You can catch up on the past four weeks’ Weekly Update in the link to my Blog.

Read my latest Smart Investor newsletter on my website. The Q3 2025 edition covers Market Review for first half of 2025, the impact of tariffs, and alternative investments. Shiuman's Corner is about classical music as balm.

Markets

Market scorecard as of close on Friday August 22, 2025.

Country

Equity Indices

Level

1 week

YTD

Canada

S&P/TSX Composite

28,333

1.5%

14.6%

U.S.

S&P 500

6,467

0.3%

10.0%

U.S.

NASDAQ

21,497

-0.6%

11.3%

Europe/Asia

MSCI EAFE

2,729

-0.4%

20.7%

Source: FactSet

  • TSX finished higher in Friday afternoon trading, near best levels and new record high. Most sectors higher. TSX closed with a 1.5% weekly gain.
  • US equities ended sharply higher Friday, snapping a five-day losing streak, and mostly stronger on the week. Small caps were the big beneficiary of a more dovish Powell speech.
  • With the U.S. earnings season now largely complete, results were generally better-than-expected, with the realized earnings growth rate handily surpassing consensus estimates. Notably, the number of earnings estimate upgrades relative to downgrades reached its highest level since late 2021, marking a reversal from earlier cuts prompted by uncertainty over the impact of supply chain disruptions, which to date have proven less severe than initially feared.
  • On balance, the earnings outlook remains supportive of equity markets. Consensus estimates for the S&P 500 are pointing to profit growth of around 9% in 2025 and 12% in 2026. Globally, the MSCI All-Country World Index is expected generate earnings growth of 9% in 2025 and 11% in 2026.
  • RBC Capital Markets Head of U.S. Equity Strategy Lori Calvasina noted, “we have a long way to go to understanding how the recent changes in trade policy will impact demand and 2026 outlooks.”

Economy

Canada

  • Inflation pressures in Canada eased modestly in July, with headline inflation coming in at 1.7% y/y compared to 1.9% in June. The prior removal of the consumer carbon tax drove some of this drop with gasoline prices falling 16.1% y/y. The next CPI report will land just ahead of the BoC’s Sept. 17 policy meeting and could prove decisive as officials weigh whether to lower the policy rate further after holding it steady at 2.75% for three consecutive decisions.
  • Following his phone call last week with U.S. President Donald Trump, Prime Minister Carney announced that Ottawa will remove all tariffs on goods covered by CUSMA. And while tariffs on U.S. steel, aluminum and autos will remain in place for now, one White House official described the announcement as a “welcome move.” The U.S. Census Bureau reported 92% of Canadian exports to the U.S. crossed the border duty free in June―up slightly from 91% in May and 89% in April.

U.S.

  • The Federal Reserve chairman cited job market concerns as a potential reason to ease monetary policy, sending markets soaring. However, the Fed faces a “challenging situation” as U.S. tariffs are driving up costs, which could be compounded by lower interest rates. Powell, whose term as chair ends next May, received a standing ovation at the bank’s annual symposium in Jackson Hole, seen as support for the embattled governor who is under pressure from President Trump to cut rates drastically.

Further Afield

  • Headline July UK inflation surprised to the upside, reaching 3.8% y/y from 3.6% y/y in June. Services inflation, which the central bank closely watches, also surprised to the upside and was modestly above the Bank of England’s (BoE) target.
  • Easing trade tensions between the U.S. and China, which removed a major market overhang, supported the upward momentum in Chinese onshore equities last week. In a low-interest-rate environment, we believe investors are increasingly seeking assets that offer higher returns. As a result, capital is shifting into equities from lower-yielding bonds.

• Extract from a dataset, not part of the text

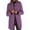 Light Purple, variant on Women Winter Long Pea Coat Wool Blend Stand Collar Single Breast Thicken Blazer Jacket Red XL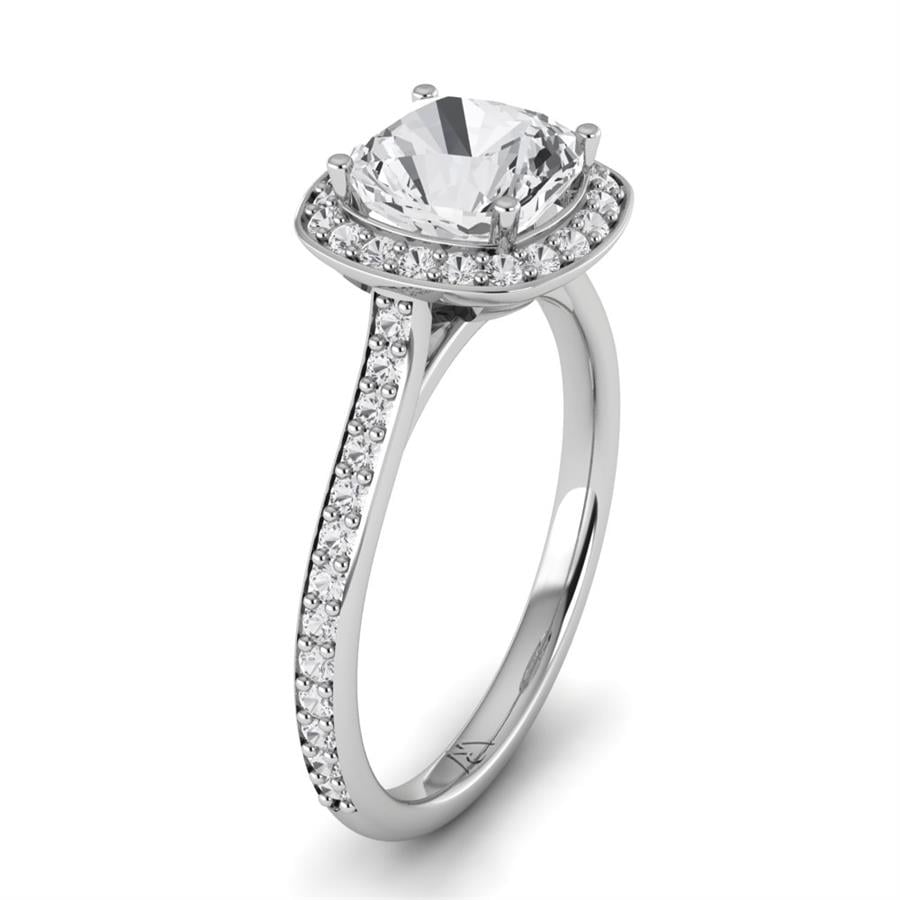 Solitaires Calina Or Blanc Diamant 2.35 ct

Notes About Companies in Model Portfolio

  • Toll Brothers, Inc. (TOL) announced results for its third quarter ended July 31, 2025. Net income and earnings per share were $369.6 million and $3.73 per diluted share, compared to net income of $374.6 million and $3.60 per diluted share in FY 2024’s third quarter. Pre-tax income was $499.5 million, compared to $503.6 million in FY 2024’s third quarter.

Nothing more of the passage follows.